アイカーン氏、イーベイと和解 ペイパル分離案を撤回
ニューヨーク(CNNMoney) 「物言う株主」として知られるカール・アイカーン氏が電子商取引大手のイーベイに対し、同社の電子決済部門ペイパルの分社化を求めていた問題で、同氏は提案を取り下げることで同意した。
アイカーン氏は来月のイーベイの株主総会でペイパル分社化を提案する意向だったが取りやめた。だが同氏はペイパル分割をあきらめたわけではない。
「近い将来のいずれかの時点でペイパルを手放すことはイーベイの利益につながるとの私の考えに変わりはない。そしてイーベイとの非公開の話し合いを通してこの主張を続けていくつもりだ」と、アイカーン氏は声明で述べた。
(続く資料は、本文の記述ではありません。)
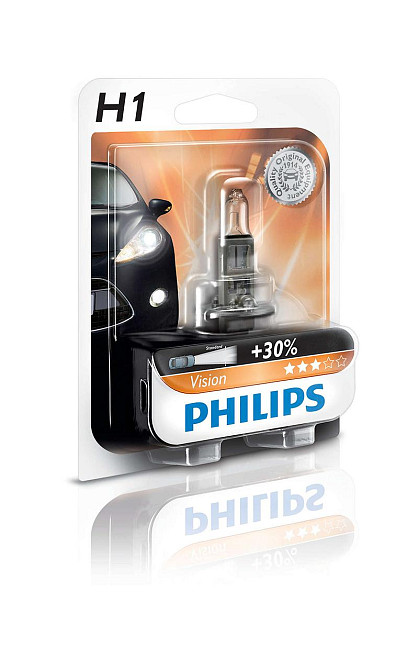 Галогенова лампа PHILIPS 12258PRB1 H1 55 W 12 V P14,5s Premium Харків - фото 1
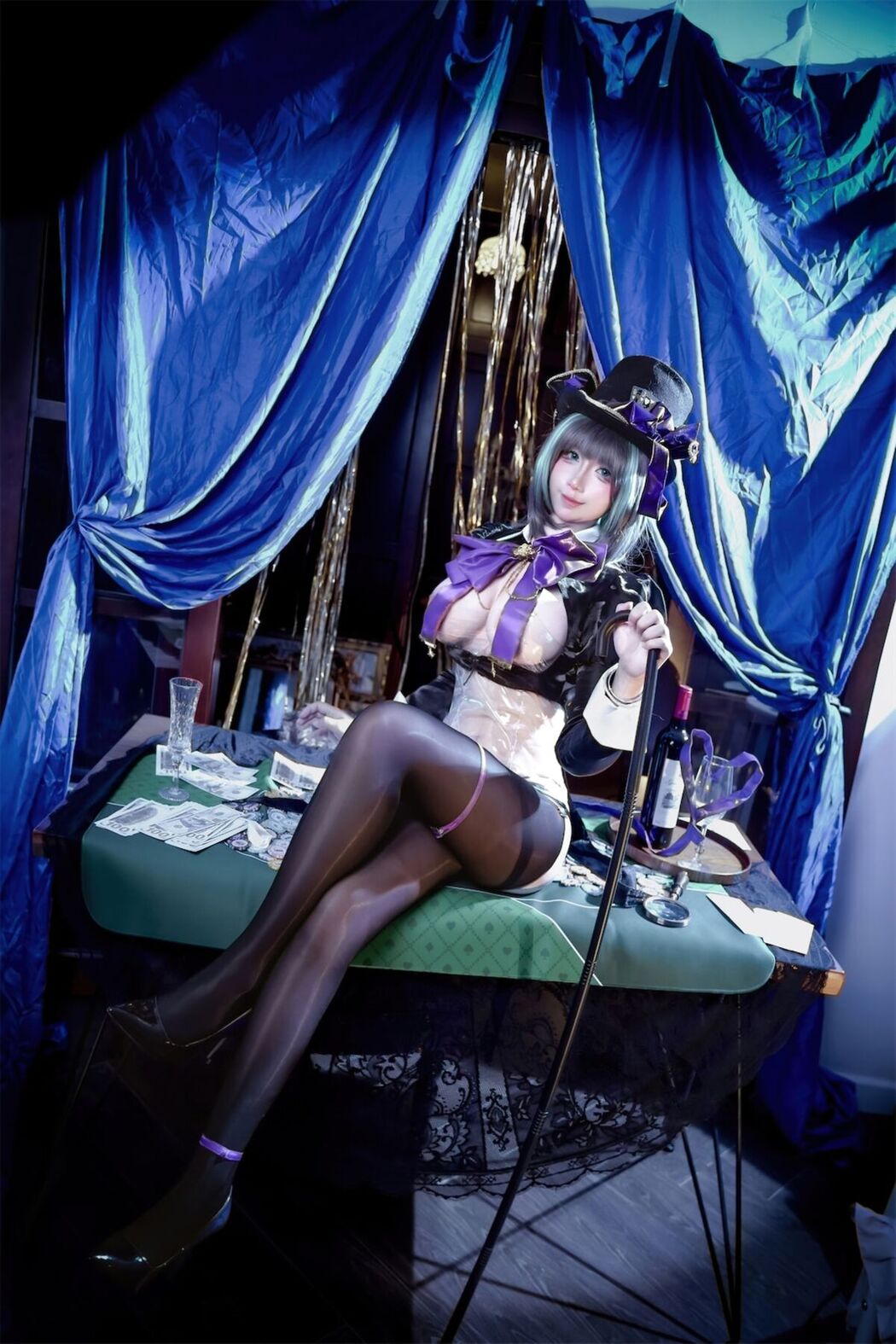 Coser@九曲jean – 柴郡绚烂夜梦 (40P)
アイカーン氏はまた、自らの推薦する人物2人をイーベイの取締役に就任させるよう要求をしていたが、これも取り下げた。その代わり、イーベイは米通信最大手AT&Tで最高経営責任者(CEO)を務め、SBCコミュニケーションとの合併を推進したデービッド・ドーマン氏の取締役就任を受け入れた。ドーマン氏はまた、通信機器大手モトローラが分社化した時の会長でもある。
ただしドーマン氏は「ペイパルとイーベイがともに成長できるよう力になりたい」とし、今のところ分社化に積極的な姿勢は示していない。
イーベイのジョン・ドナヒューCEOはCNNの取材に対し、「株主から見ても明らかに双方にとって得な」合意が得られたと述べた。また、ペイパルを完全に傘下に置くことがイーベイにとって最良の道だとの考えを示した。
アイカーン氏が大手ハイテク企業との戦いで思うような結果を得られなかったのは今年に入って2度目。同氏はアップルに対して自社株買いを求める株主提案をしていたが2月に撤回した。